Transgender Chaperon Ignites School Dispute

ST. LOUIS — The fourth-grade field trip to the state Capitol was going well: The kids gaped at the rotunda, peeked in the Senate chambers, listened politely to a lecture on how a bill becomes law.

Then someone noticed that the parent chaperon with the gorgeous hair and tasteful makeup was a dad.

Most of the kids on the trip, apparently, either did not notice or did not care that a classmate's father was dressed as a woman, in jeans, a sweater and nice shoes. Most of the teachers, apparently, were equally untroubled.

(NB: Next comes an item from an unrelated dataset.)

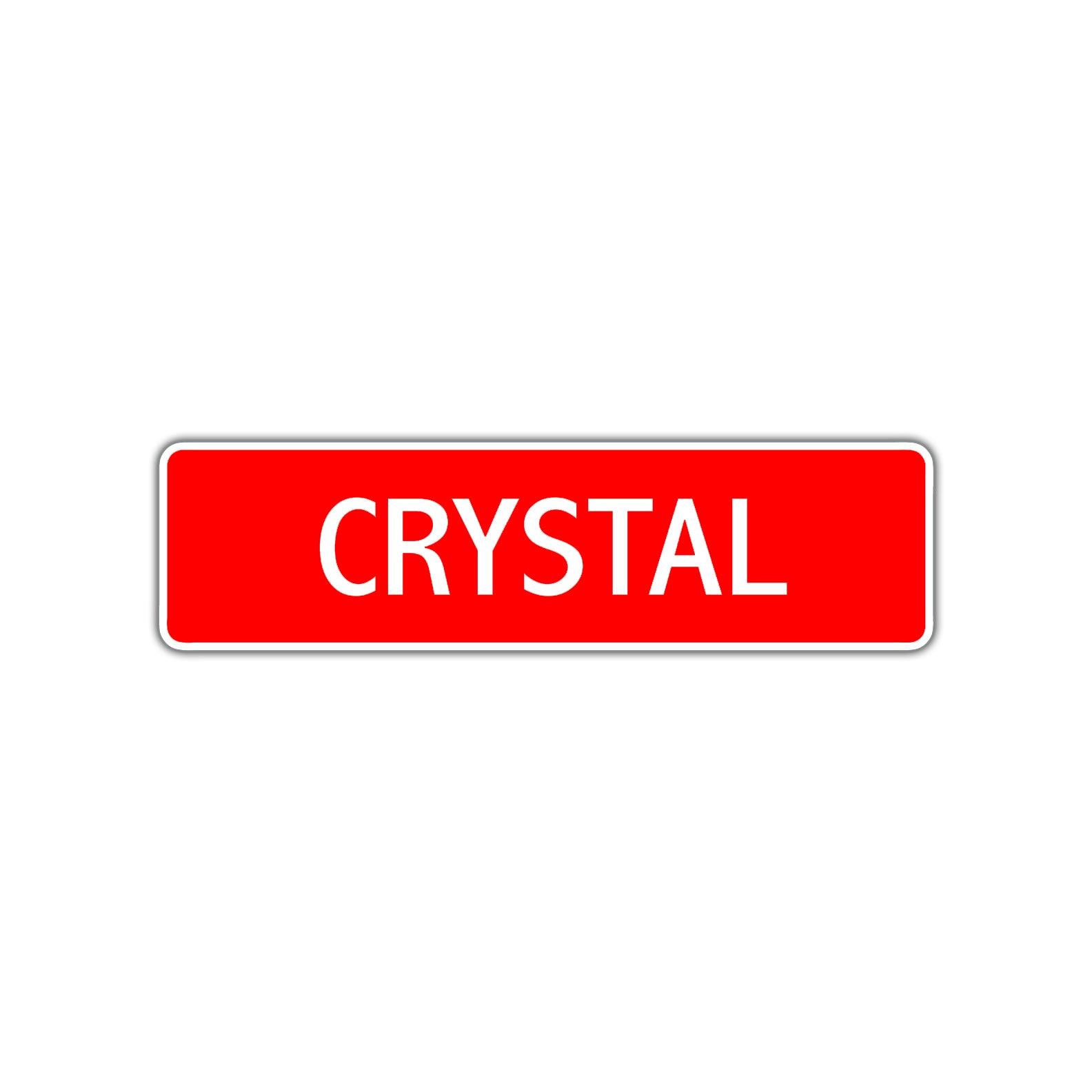 Crystal Street Sign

But when the fourth-graders returned from Jefferson City, Mo., that afternoon in mid-October, the parent chaperon who had spotted the "cross-dressing dad" alerted some friends. Word spread quickly though the Francis Howell School District, in the middle-class suburb of St. Charles. The resulting tumult has not yet subsided.

Alarmed, outraged and indignant, several parents demanded that the school board look into the matter. They found a receptive audience in board member Lisa Naeger, a mother of two who recoiled at the thought of her 9-year-old being exposed to a transgender adult on a field trip.

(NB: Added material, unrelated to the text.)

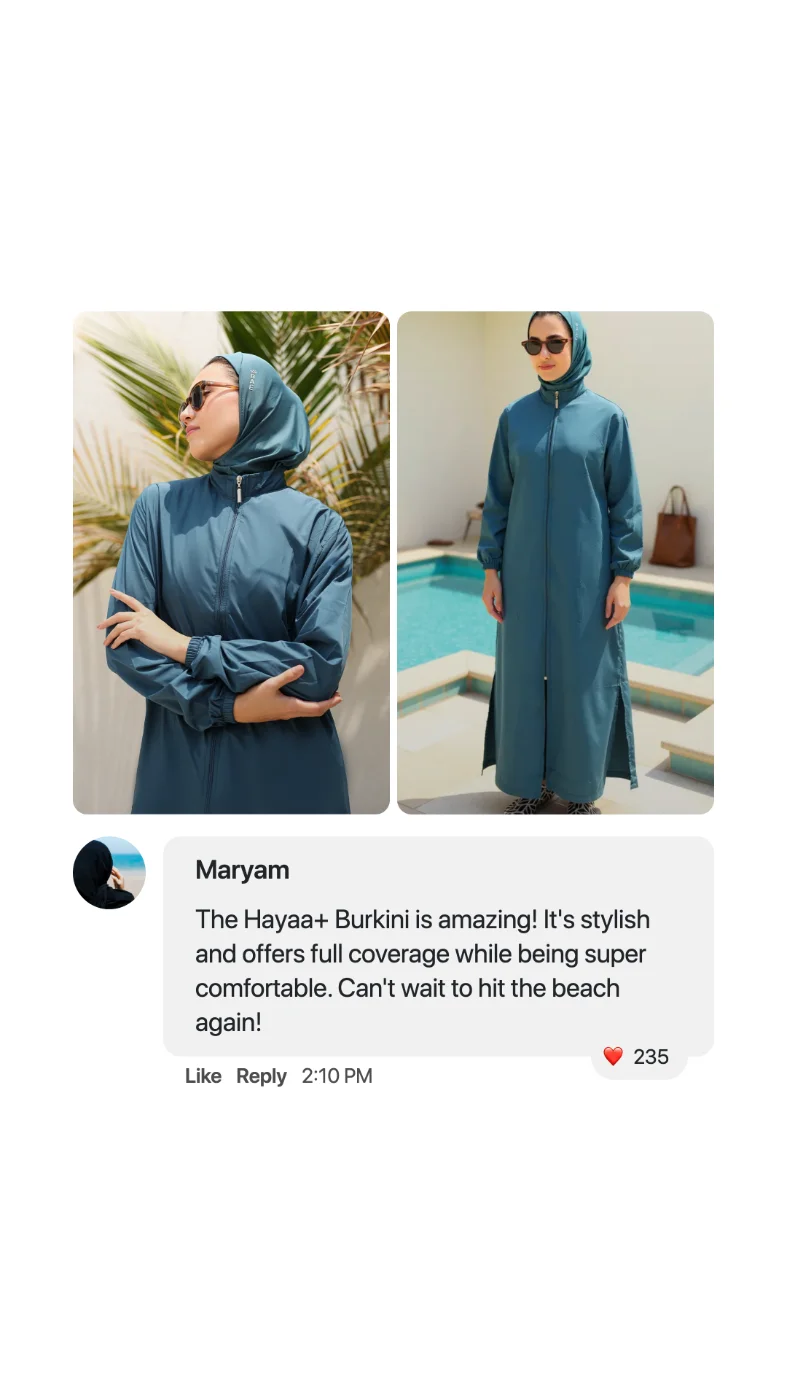 BAE Modest Facebook ad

"I don't think it's fair to the kids or to the parents," Naeger said. "Parents have a right to make the decision about how their children are to be exposed to these issues. It's crucial that we make a stand."

Naeger has proposed a new policy that would require parent chaperons to wear "gender-appropriate" clothing for school functions. It's unlikely, however, that such wording would survive a court challenge. In 1985, a federal court struck down an obscure (and rarely used) St. Louis ordinance that banned anyone from dressing in clothing "not according to his or her sex" while out in public.

Naeger expects the board to make a decision by mid-January; she is not optimistic that her colleagues will back her request. But a handful of fired-up parents is not willing to let the matter drop.

The parents have asked the district to let them know whenever the father in question visits Castlio Elementary School, so they can withdraw their children from class. And they are pleading for a dress code that would require all adults who interact with students to "dress in what a 9- or 10-year-old perceives as normal clothes for a man or a woman," as mother Patti Hight puts it.

"This individual did not use common sense. He did not put the children first. He did not think how this would confuse them," said Hight.